Mansour Wade : « La disparition des salles, un drame général »
Mansour Wade, réalisateur sénégalais. –
Pouvez-vous nous résumer le film que vous présentez au festival cette année?
Mon film, « Les feux de Mansaré », est une métaphore sur l’Afrique d’aujourd’hui. C’est un film sur les problèmes actuels du continent : le pillage de ses ressources, la violence, le trafic d’armes, les enfants soldats, etc. Le film pose des problèmes et pose des questions en même temps.
Qu’est-ce qu’une production cinématographique peut changer à ces fléaux ?
Je pense que le cinéaste appose son regard sur ces problèmes d’abord. Et même s’il s’en défend, il fait quand même de la politique. Le cinéma est une force. En posant tel ou tel problème, on informe, on attire l’attention de gens qui n’étaient peut-être pas au fait de certaines réalités. Ça apporte quelque chose de positif.
Les films africains apparaissent rarement au tableau d’honneur lors des grandes cérémonies de récompense à travers le monde. Qu’est-ce qui leur manque ?
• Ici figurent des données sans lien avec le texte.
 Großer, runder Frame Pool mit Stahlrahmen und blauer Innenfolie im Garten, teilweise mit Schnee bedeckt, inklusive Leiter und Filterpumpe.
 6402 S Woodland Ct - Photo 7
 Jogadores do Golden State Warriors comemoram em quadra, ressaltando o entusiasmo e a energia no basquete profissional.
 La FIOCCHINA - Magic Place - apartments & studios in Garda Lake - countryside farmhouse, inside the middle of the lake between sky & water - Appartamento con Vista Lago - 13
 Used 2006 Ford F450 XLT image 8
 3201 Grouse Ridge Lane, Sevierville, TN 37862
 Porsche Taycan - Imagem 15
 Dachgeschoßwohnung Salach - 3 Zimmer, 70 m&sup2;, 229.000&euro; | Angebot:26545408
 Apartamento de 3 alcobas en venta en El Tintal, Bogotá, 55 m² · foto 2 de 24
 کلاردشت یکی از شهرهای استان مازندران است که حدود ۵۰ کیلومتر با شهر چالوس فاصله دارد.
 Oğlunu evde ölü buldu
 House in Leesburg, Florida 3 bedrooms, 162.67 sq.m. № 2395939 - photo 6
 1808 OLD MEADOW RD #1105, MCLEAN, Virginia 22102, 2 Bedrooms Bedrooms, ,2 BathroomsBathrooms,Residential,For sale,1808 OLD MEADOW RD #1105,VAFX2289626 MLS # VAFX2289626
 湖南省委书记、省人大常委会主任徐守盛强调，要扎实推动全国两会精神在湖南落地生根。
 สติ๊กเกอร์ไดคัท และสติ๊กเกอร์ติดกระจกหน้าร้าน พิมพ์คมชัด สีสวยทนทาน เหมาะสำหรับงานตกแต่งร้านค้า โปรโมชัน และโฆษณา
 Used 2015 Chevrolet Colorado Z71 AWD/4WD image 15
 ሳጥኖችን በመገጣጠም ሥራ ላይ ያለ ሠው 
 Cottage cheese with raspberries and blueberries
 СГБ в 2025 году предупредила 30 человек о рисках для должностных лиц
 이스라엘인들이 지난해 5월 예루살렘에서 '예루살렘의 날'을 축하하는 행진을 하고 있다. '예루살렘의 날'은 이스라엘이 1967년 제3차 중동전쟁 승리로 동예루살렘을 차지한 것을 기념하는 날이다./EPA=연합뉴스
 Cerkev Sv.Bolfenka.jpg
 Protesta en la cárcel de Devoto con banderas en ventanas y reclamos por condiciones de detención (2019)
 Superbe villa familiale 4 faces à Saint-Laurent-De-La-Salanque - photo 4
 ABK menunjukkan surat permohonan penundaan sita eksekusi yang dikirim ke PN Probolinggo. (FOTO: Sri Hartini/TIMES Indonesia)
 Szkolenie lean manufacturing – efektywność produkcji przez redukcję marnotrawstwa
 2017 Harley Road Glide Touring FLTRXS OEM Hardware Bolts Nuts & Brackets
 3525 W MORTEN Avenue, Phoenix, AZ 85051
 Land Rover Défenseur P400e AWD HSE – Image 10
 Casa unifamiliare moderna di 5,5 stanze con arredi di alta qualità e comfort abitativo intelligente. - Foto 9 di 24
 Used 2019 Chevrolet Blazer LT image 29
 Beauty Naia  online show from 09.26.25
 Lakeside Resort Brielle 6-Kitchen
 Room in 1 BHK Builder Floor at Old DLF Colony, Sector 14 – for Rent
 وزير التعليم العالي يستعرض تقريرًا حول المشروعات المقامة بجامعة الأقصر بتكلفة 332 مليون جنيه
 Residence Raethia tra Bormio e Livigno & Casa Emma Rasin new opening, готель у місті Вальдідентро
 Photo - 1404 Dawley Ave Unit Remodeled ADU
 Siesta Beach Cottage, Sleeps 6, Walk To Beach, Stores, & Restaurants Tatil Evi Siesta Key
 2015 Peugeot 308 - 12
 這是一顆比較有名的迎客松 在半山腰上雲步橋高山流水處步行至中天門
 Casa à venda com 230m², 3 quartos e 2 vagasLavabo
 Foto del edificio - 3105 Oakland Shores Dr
Il leur manque des moyens. Il nous faudrait les mêmes moyens qu’ont ces films qu’on voit dans les grands festivals. Le cinéma c’est une question d’argent, pas seulement d’idées. Il est extrêmement rare d’apprendre qu’un film africain a eu un milliard de francs Cfa de budget. Ça tournera généralement autour de la moitié de cette somme, ou un peu au-dessus. Si un film africain pouvait obtenir trois à cinq milliards de francs, on pourrait mettre beaucoup plus de travail sur le plan artistique. Plus on a les moyens, plus on a la possibilité de s’exprimer. Faire intervenir un grand décorateur, un bon musicien, etc. Sans moyens, le cinéaste reste confiné au cinéma d’essai, se voit distribué dans de petites salles…
La distribution est aussi liée aux moyens ?
Pour distribuer un film, il faut encore des moyens ! Beaucoup de moyens ! Il faut assurer la communication, la publicité, etc. Et aujourd’hui, même un film africain ne peut pas être vu dans nos propres pays. Pratiquement toutes les salles ont disparu. C’est dramatique. A une époque, Dakar comptait près de 73 salles de cinéma. Aujourd’hui, ces espaces ont été vendus, transformés en centres commerciaux. C’est un drame général.